▸ Work request:
In the records below, reproduce exactly the lines from the one containing "Pavé CZ Crescent" through the one containing "image for: Fr.", both included, and omit the pictures.

▸ Exercise material:
::::::

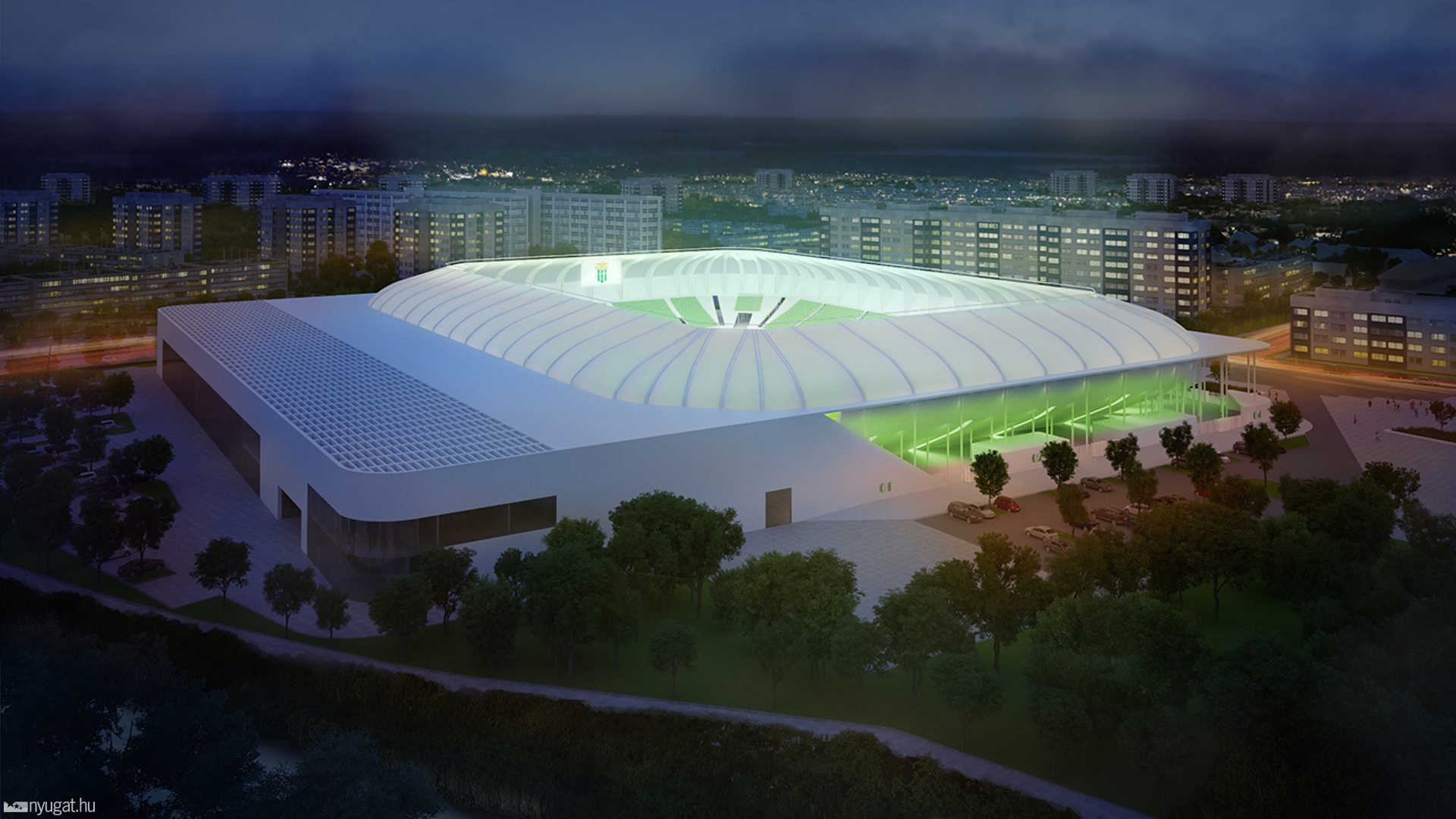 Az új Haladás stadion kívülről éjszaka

::::::

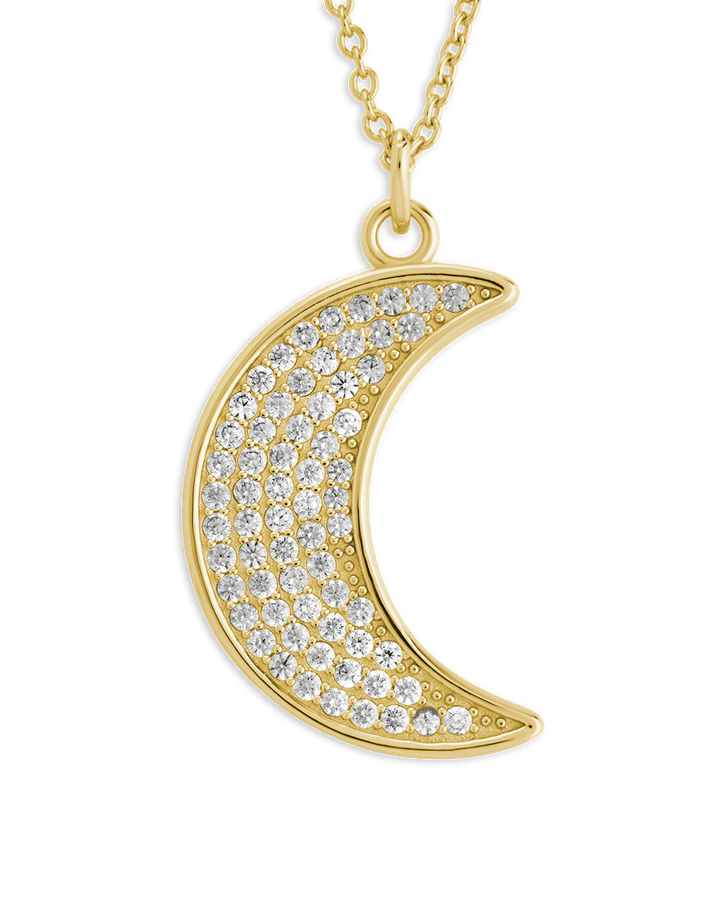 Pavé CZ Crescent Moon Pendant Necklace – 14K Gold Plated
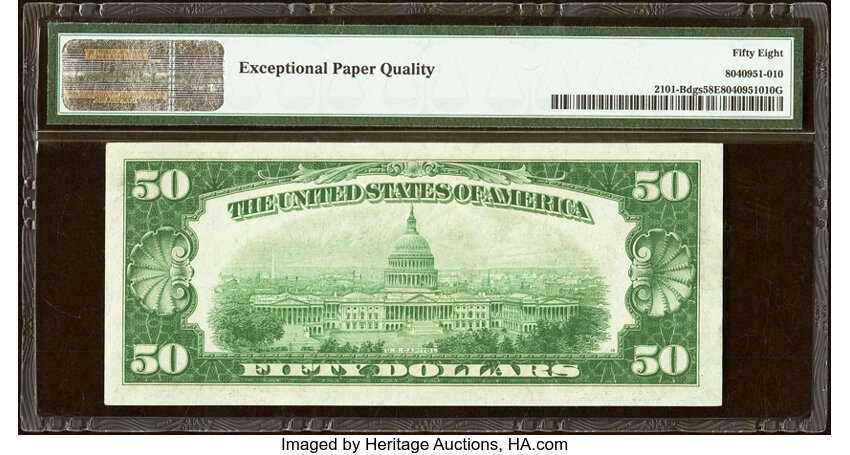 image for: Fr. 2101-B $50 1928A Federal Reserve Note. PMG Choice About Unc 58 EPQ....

::::::

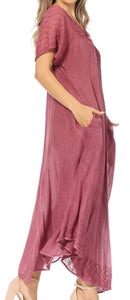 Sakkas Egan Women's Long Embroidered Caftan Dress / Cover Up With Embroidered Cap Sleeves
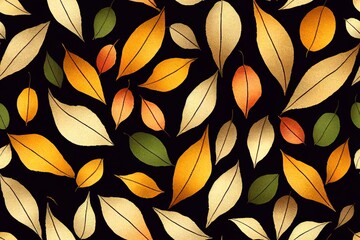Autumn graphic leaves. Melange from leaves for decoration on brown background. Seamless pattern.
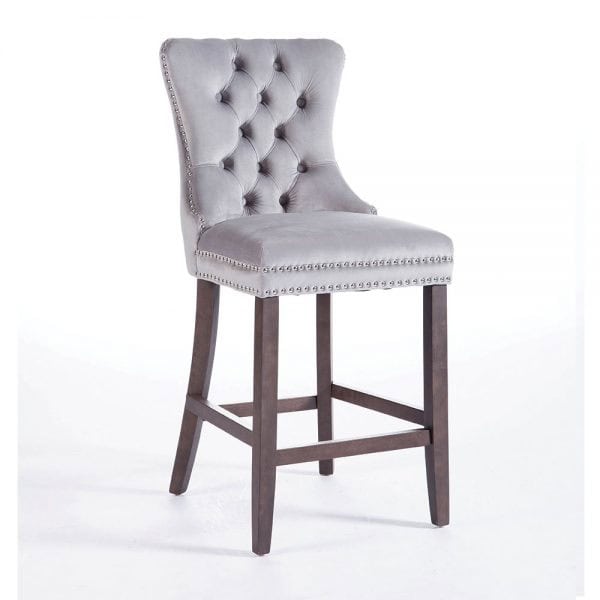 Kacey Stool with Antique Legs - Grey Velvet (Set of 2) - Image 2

::::::

▸ Response box:
 Pavé CZ Crescent Moon Pendant Necklace – 14K Gold Plated
 image for: Fr. 2101-B $50 1928A Federal Reserve Note. PMG Choice About Unc 58 EPQ....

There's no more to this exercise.